Recorded data:
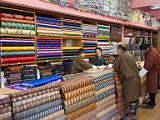 Fabric shop  Most of the fabric comes from India.  The fabric in front of the counter is destined for the traditional men's clothing, the gho.  The men in the image are wearing these.  The cloth behind the counter will be made into keras, the ankle length dresses worn by women.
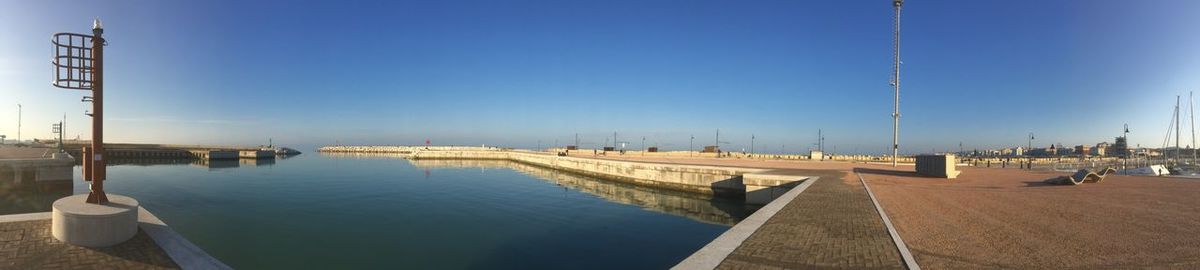 Panoramic view of beach against clear sky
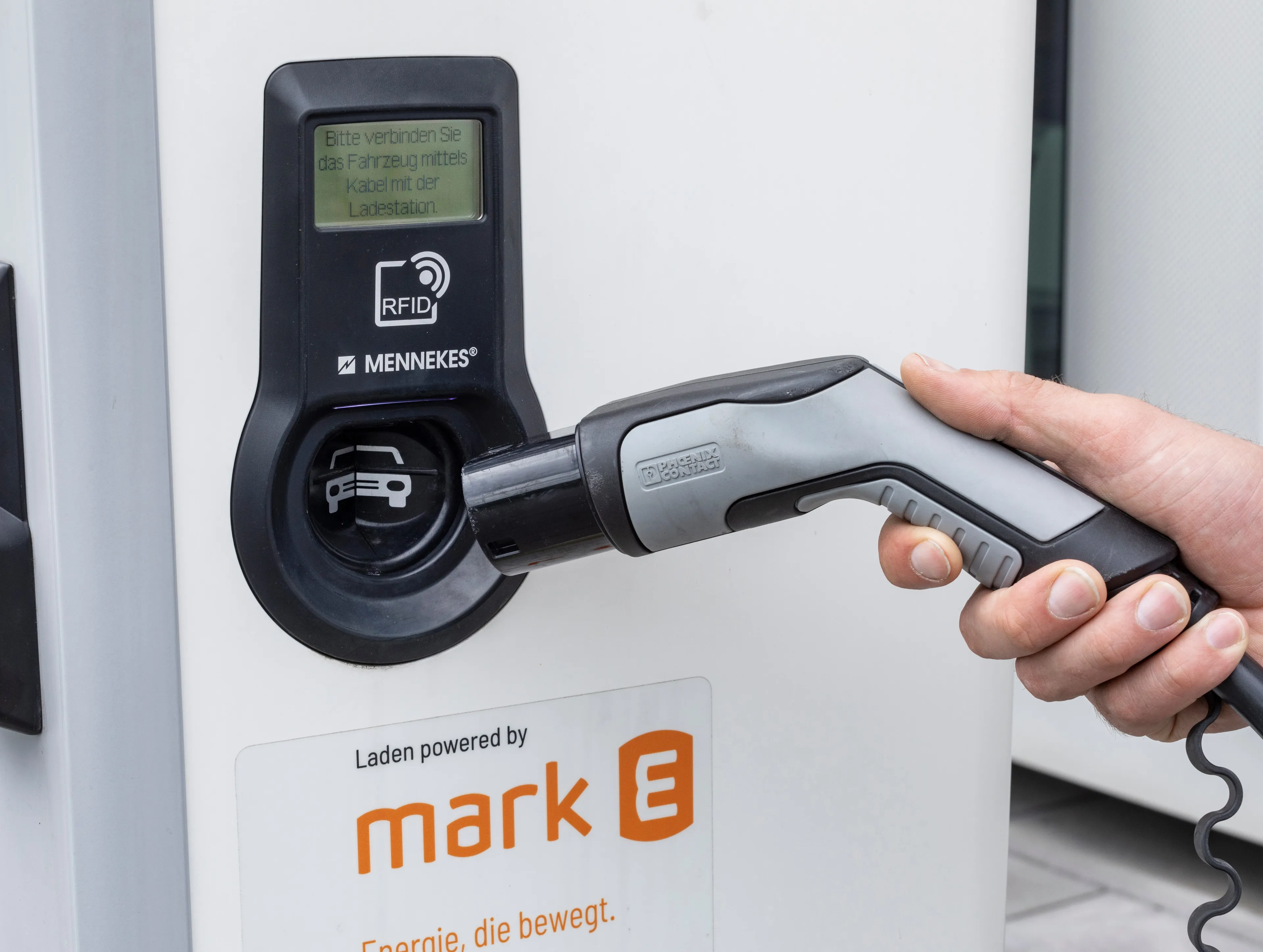 Hand steckt ein Ladekabel in eine Ladesäule für Elektrofahrzeuge.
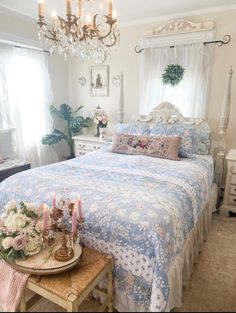 a bed sitting in a bedroom next to a table with flowers and candles on it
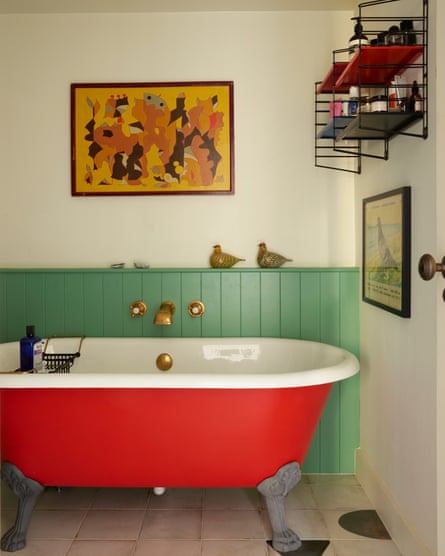 Bathroom, with red claw-foot bath in apartment.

* _Prompt_: Repeat every entry exactly, but leave out the pictures.

* _Exercise solution_:
 Fabric shop  Most of the fabric comes from India.  The fabric in front of the counter is destined for the traditional men's clothing, the gho.  The men in the image are wearing these.  The cloth behind the counter will be made into keras, the ankle length dresses worn by women.
 Panoramic view of beach against clear sky
 Hand steckt ein Ladekabel in eine Ladesäule für Elektrofahrzeuge.
 a bed sitting in a bedroom next to a table with flowers and candles on it
 Bathroom, with red claw-foot bath in apartment.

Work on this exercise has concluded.